According to the Recording Industry Association of America (RIAA), The Joshua Tree has a 10x Diamond certification, which means that it is a very well-selling album. It is considered one of their best albums, and is their only RIAA Diamond. Hits include “Where the Streets Have no Name,” and “With or Without You.” The Joshua Tree has songs about American politics (“Bullet the Blue Sky”), the heroin epidemic in Dublin (“Running to Stand Still”), the death of a good friend (“One Tree Hill”), and the situation in Mexico (“Mothers of the Disappeared.”) Between Live Aid and the recording of The Joshua Tree, Bono and wife Ali spent time at a famine relief camp in Ethiopia. Bono also spent time in El Salvador, where he witnessed first hand the death and destruction wrought by the Reagan administration.

Everything below here is the deeper evaluation; the above track list and paragraph are what appears on the LibGuide. 
            The Joshua Tree is a best-selling U2 album and is usually considered to be the best U2 album. It is a direct look at religion and politics, of the state of the world, from the perspective of someone living there. The perennial hit “Where The Streets Have No Name” is all about the streets of Northern Ireland, of the Quarters of Belfast, of how the name of the street you live on controls your life. “Bullet The Blue Sky” contains lyrics about living under the threat of bombings – “see the face of fear/runnin’ scared in the valley below” – as well as lyrics about witnessing a fighter jet drop bombs:
            And I can see those fighter planes
            And I can see those fighter planes
            Across the tin huts as children sleep
            Through the alleys of a quiet city street
            …See across the field
            See the sky ripped open
            See the rain comin’ through a gapin’ wound
            Howlin’ the women and children
            Who run into the arms
            Of America

“Running to Stand Still” is about Dublin in the 1980s. A country in the clutches of a massive recession. A country with high inflation. A city with a heroin epidemic. In their autobiography (U2 by U2), Bono talked about the Seven Towers apartment complex in Dublin, about how it became host to members of the heroin-user community, about how they lost friends to overdoses.  
            Sweet the sin, bitter the taste in my mouth
            I see seven towers, but I only see one way out
            You gotta cry without weeping, talking without speaking
            Scream without raising your voice.
            You know I took the poison, from the poison stream
            Then I floated out of here, singing
            Ah la la la de day
            Ah la la la de day.
            …She is ragin’
            She is ragin’
            And the storm blows up in her eyes.
            She will suffer the needle chill
            She is running to stand still.

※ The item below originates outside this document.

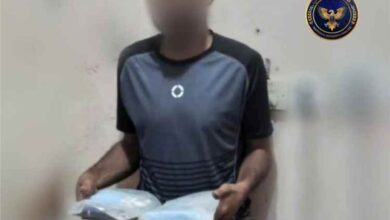 قوات طوق العاصمة عدن تضبط متهماً بحوزته اثنين كيلو من الحشيش المخدر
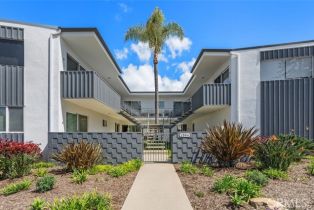 Condominium, 1594 Via Capri, Laguna Beach, CA  Laguna Beach, CA 92651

“One Tree Hill” was written after the death of a close friend – the roadie who was almost a fifth band member, who died in a motorcycle crash in Dublin one rainy night:
            I’ll see you again when the stars fall from the sky
            And the moon has turned red over One Tree Hill
            We run like a river runs to the sea
            We run like a river to the sea
            And when it’s rainin’, rainin’, hard
            That’s when the rain will break a heart

“Mothers of the Disappeared” was named after the Mexican group determined to find out what had happened to those who had disappeared: “Midnight our sons and daughters/were cut down taken from us/hear their heartbeat/we hear their heartbeat.”